-- SOURCE DATA --
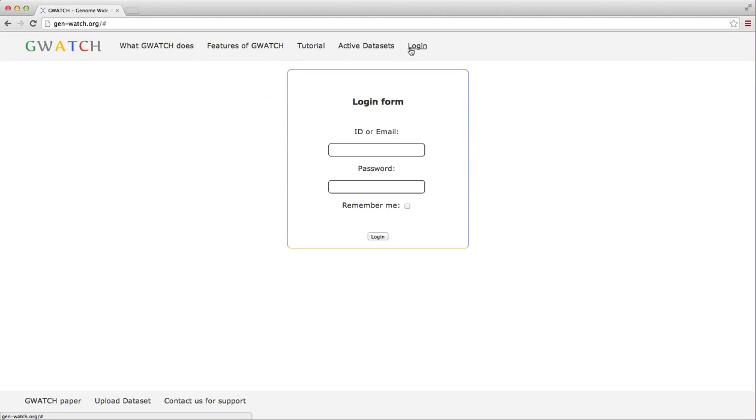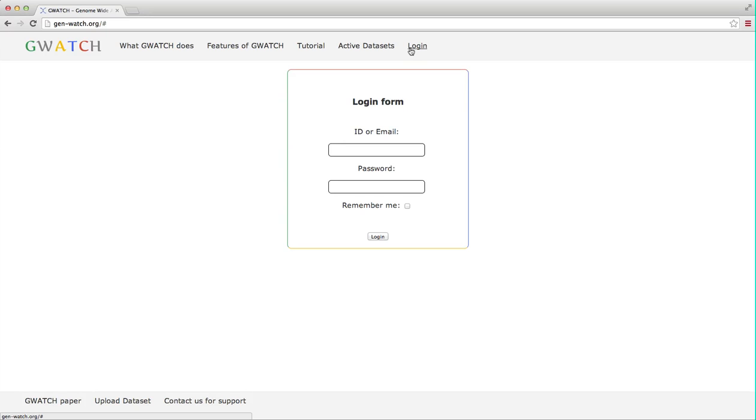The login button is for inspecting new datasets that are not yet open access and are password protected. This reminds me to say that GWATCH will accept data from any large GWAS or whole genome sequencing study. There are about 1000 GWAS published to date and we hope that many of these will try and embrace the utility of GWATCH for studying all sorts of human disease and other traits.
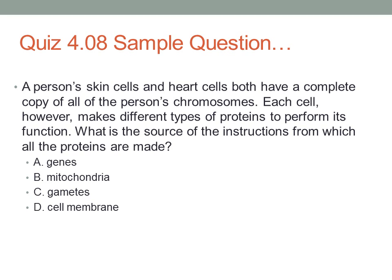Here's the last sample question from quiz 4.08. A person's skin cells and heart cells both have a complete copy of all the person's chromosomes. Each cell, however, makes different types of proteins to perform its function. What is the source of the instructions from which all the proteins are made? Is it A. Genes, B. Mitochondria, C. Gametes, or D. Cell Membrane?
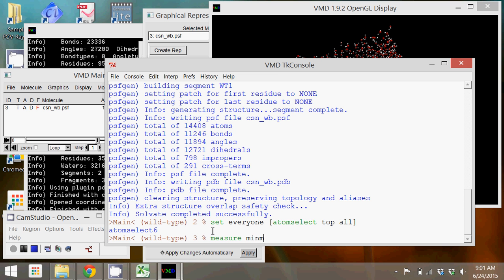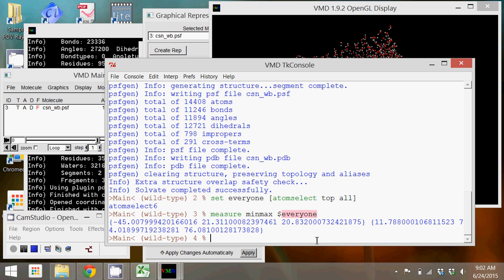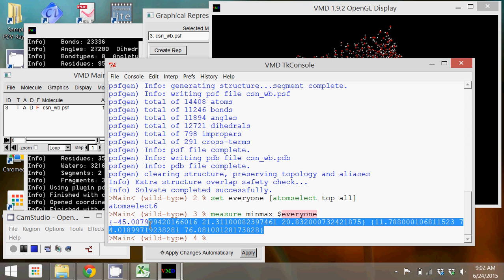And what I'm going to do is just copy those, so I highlight them, copy them. I'm just going to paste them into Excel here and keep those because we're going to use them in the next tutorial when it comes to actually simulating this enzyme.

-- YOUR ASSIGNMENT --
Each line above is to be repeated exactly as written; no picture is carried over.

-- WRITTEN ANSWER --
The login button is for inspecting new datasets that are not yet open access and are password protected. This reminds me to say that GWATCH will accept data from any large GWAS or whole genome sequencing study. There are about 1000 GWAS published to date and we hope that many of these will try and embrace the utility of GWATCH for studying all sorts of human disease and other traits.
Here's the last sample question from quiz 4.08. A person's skin cells and heart cells both have a complete copy of all the person's chromosomes. Each cell, however, makes different types of proteins to perform its function. What is the source of the instructions from which all the proteins are made? Is it A. Genes, B. Mitochondria, C. Gametes, or D. Cell Membrane?
And what I'm going to do is just copy those, so I highlight them, copy them. I'm just going to paste them into Excel here and keep those because we're going to use them in the next tutorial when it comes to actually simulating this enzyme.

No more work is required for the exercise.